Was das aktuelle Initiativ-Projekt der SVP angeht, scheint es für den SBV erneut ziemlich überraschend zu kommen. Er habe davon vor der Publikation im «Blick» noch nie gehört, sagt Präsident Markus Ritter auf Anfrage der BauernZeitung. Man werde aber das Gespräch suchen, «damit der Wortlaut der Initiative auch von uns mitgetragen werden könnte“, so Ritter im untenstehenden Interview. Eine eigene Initiative des SBV sei aber im Moment kein Thema.

«Wir wurden weder konsultiert noch vorgängig informiert»
Markus Ritter zu den Initiativ-Plänen der SVP

Was halten Sie von der neuen Initiatividee der SVP?
Markus Ritter: Die angedachte Initiative spricht ein wichtiges Anliegen an. Krisen, wie jene infolge von Corona oder der immer noch andauernde Krieg im wichtigen Exportland Ukraine zeigen, dass die ausreichende Ernährung aller Menschen mit Essen zu den grossen Herausforderung der Zukunft gehören. Hier steht die Schweiz in der Pflicht, den ihr möglichen Beitrag zu leisten. Klar ist, dass ein höherer Selbstversorgungsgrad möglich ist, ohne die heutigen Errungenschaften bei der Ökologie in Frage zu stellen. Das bestätigte auch der damalige Bundesrat Schneider Ammann während der Debatte zur Ernährungssicherheitsinitiative. Allein schon die Verringerung des Foodwaste hätte einen grossen Effekt. Eine Diskussion zum Selbstversorgungsgrad, respektive zur Bedeutung, die wir der Lebensmittelproduktion geben, ist auch deshalb wichtig, weil unsere Regierung zurzeit diese Hauptaufgabe der Landwirtschaft etwas aus den Augen verloren hat. Mit den 3.5% zusätzlichen Ökoflächen auf dem besten Ackerland und überrissenen Stickstoffreduktionszielen hat der Bundesrat eindeutig über das Ziel hinausgeschossen. Das Parlament hat es deshalb bereits in der kommenden Session in der Hand hier zu korrigieren. Entsprechende Vorstösse sind traktandiert. Neben dem Selbstversorgungsgrad müssen wir aber darauf achten, dass wir eine marktkonforme Vielfalt der Schweizer Lebensmittelproduktion erhalten oder gar fördern können.

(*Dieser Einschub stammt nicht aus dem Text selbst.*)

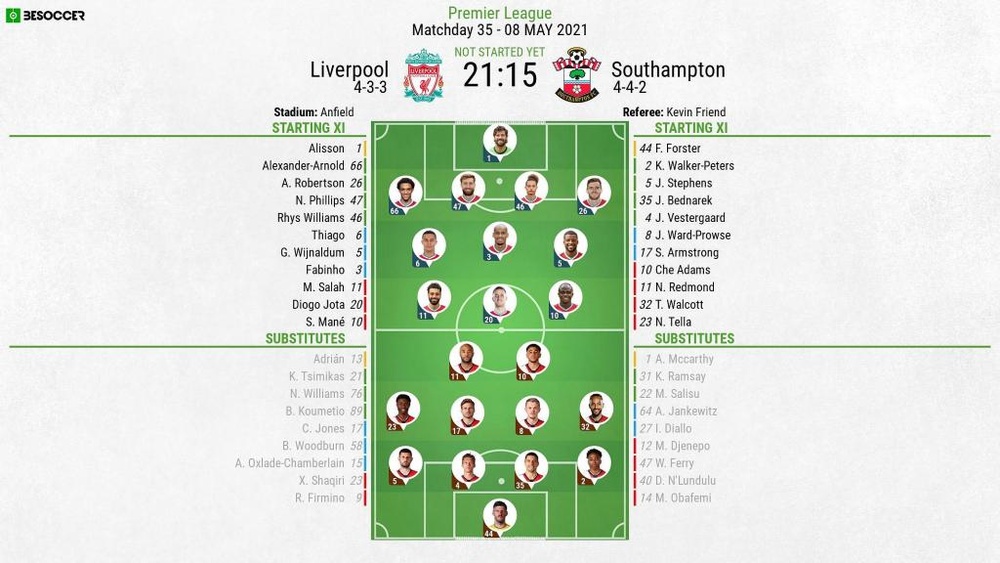 Liverpool V Southampton As It Happened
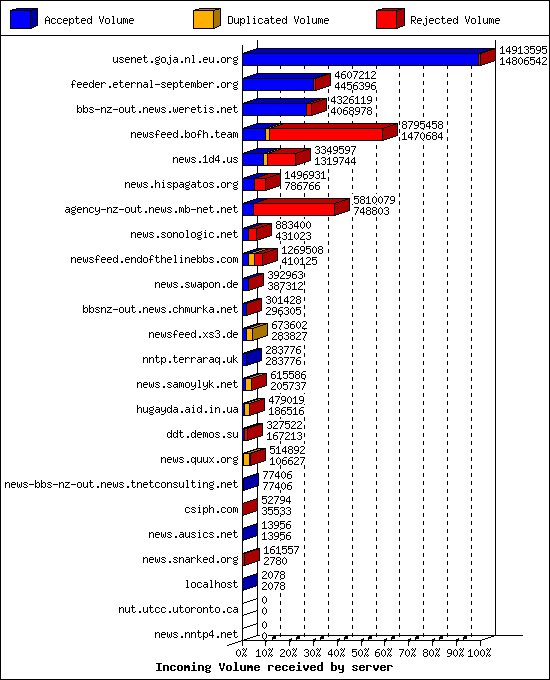 Incoming Volume received by server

Haben Marcel Dettling oder Esther Friedli vorgängig das Gespräch mit dem SBV gesucht?
Nein, wir wurden weder konsultiert noch vorgängig informiert.

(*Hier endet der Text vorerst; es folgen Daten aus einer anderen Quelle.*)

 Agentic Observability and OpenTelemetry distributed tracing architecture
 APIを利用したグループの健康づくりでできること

Vor 10 Jahren hatte eine Gruppe um SVP-Nationalrat Rudolf Joder eine ähnliche Initiatividee präsentiert, damals gelang es dem SBV mit einer eigenen Initiative zu kontern, wie wollen Sie diesmal vorgehen?
Wir werden mit der SVP das Gespräch suchen, damit der Wortlaut der Initiative auch von uns mitgetragen werden könnte. Bis jetzt konnten wir den Initiativtext noch nicht einsehen. Wir werden aber nicht versuchen, die SVP von der Idee einer Initiative abzubringen und auch eine eigene Initiative ist zurzeit kein Thema.